Meanwhile, Virat Kohli revealed that he was anxious to get the monkey off his back during his lean phase with the bat in the whites, something he reckons led to the wait for a Test hundred getting longer than expected.

“To be honest, I've led the complications to grow on me a little bit because of my own shortcomings. I think the desperation to get the 3-figure mark is something that can grow on you as a batsman. We've all experienced that at some stage or the other. I think I led that happen to me to a certain extent,” Virat Kohli told head coach Rahul Dravid in a BCCI video.

“But also the flip side to it is that I am not a guy who is happy with 40 or 45 runs. I am someone who always takes pride in performing for the team. It's not like Virat Kohli should stand out. When I am batting on 40, I know I can get a 150 here and that will help my team. That was eating me up a lot. Why am I not able to get that big score for the team because I always took the pride in performing for the team when it needed me, in difficult conditions and difficult situations,” he added.

“The fact that I wasn't able to do that was bother me. Not so much the milestone as such as I don't play for it. A lot of people ask me this question, ‘how do you keep scoring a hundred?'. I always told them, a hundred is something that happens along the way within my goal which is to bat as long as possible for the team and get as many runs as possible. So, the milestone is never my focus. But yes, I have to be brutally honest, i does become a little complicated because the moment you step out of the hotel room, right from the guy outside the room to the guy in the lift to the bus driver, everyone is saying we want a hundred. So, it's like, it does play on your mind,” Virat Kohli asserted.

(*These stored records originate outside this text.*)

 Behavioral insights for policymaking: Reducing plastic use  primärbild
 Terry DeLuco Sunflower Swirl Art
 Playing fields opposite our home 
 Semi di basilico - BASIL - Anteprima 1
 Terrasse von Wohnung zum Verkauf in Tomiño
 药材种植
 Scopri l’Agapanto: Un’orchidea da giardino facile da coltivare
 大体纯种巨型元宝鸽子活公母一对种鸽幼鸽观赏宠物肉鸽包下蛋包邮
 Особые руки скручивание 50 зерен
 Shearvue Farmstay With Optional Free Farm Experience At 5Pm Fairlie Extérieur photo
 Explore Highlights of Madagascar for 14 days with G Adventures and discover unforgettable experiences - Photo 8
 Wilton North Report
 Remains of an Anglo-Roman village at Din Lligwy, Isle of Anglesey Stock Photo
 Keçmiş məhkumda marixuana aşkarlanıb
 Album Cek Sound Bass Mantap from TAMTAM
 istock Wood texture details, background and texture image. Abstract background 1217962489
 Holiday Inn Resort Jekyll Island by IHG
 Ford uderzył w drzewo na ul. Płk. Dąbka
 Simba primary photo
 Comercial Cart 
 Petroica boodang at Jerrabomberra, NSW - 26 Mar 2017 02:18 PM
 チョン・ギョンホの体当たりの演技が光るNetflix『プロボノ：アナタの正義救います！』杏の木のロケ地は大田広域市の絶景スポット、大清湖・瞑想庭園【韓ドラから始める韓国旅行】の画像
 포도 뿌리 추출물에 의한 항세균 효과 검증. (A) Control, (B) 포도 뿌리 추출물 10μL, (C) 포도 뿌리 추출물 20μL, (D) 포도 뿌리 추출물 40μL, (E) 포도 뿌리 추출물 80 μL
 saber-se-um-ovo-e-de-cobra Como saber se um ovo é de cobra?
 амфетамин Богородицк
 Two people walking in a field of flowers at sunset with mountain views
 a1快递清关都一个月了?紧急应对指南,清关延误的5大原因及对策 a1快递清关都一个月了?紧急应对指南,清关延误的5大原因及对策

“But I think that's the beauty of playing so long as well, to have these complications come and over come these challenges. When it comes together, like it did in this game, that gives you an extra gust of air to go beyond, go further and start enjoying cricket a lot more and be excited for what's to come. I am just happy that it happened at the right time, before the World Test Championship final. I will definitely be going there pretty relaxed,” he elaborated.

On the other hand, head coach Rahul Dravid compared the expectations that the people of India have for Virat Kohli with the weight of expectations on Sachin Tendulkar's shoulders when the Little Master was playing.

“In India when you become a player as big as Virat Kohli, people have such high expectations. When I played and used to bat with Sachin Tendulkar, I saw the same. Everyone wants him to score a century, score runs. And this happens because he has set a standard. He has scored centuries so regularly that people don't realise how tough it is to score a hundred. And then obviously, the pressure builds,” Rahul Dravid told Star Sports.

“A player of Kohli's calibre wants to contribute, stay involved. He looks at it in a way ‘How can I contribute? What can I do to win the match for India?' And somewhere he must have felt that I am not able to give that world-class performance in Test matches which the team has become habitual of,” he pointed out.

“If young kids are watching – we keep talking and sometimes as coach, we get frustrated too – I hear a lot that ‘this is my style and I'm only going to play like this'. In this match a big player has shown that if the situation is tough and the team is slightly on the defensive, the opposition is not giving you boundaries, you can play differently and still score a century for the team.”

“He scored just five fours in his first 100 runs. He could have gotten frustrated – felt I will smash, dominate – but he knew what the team needed in that situation. This is a special trait of a big player. Doesn't matter how great a player you are, you need to have humility, the will to,” Rahul Dravid concluded.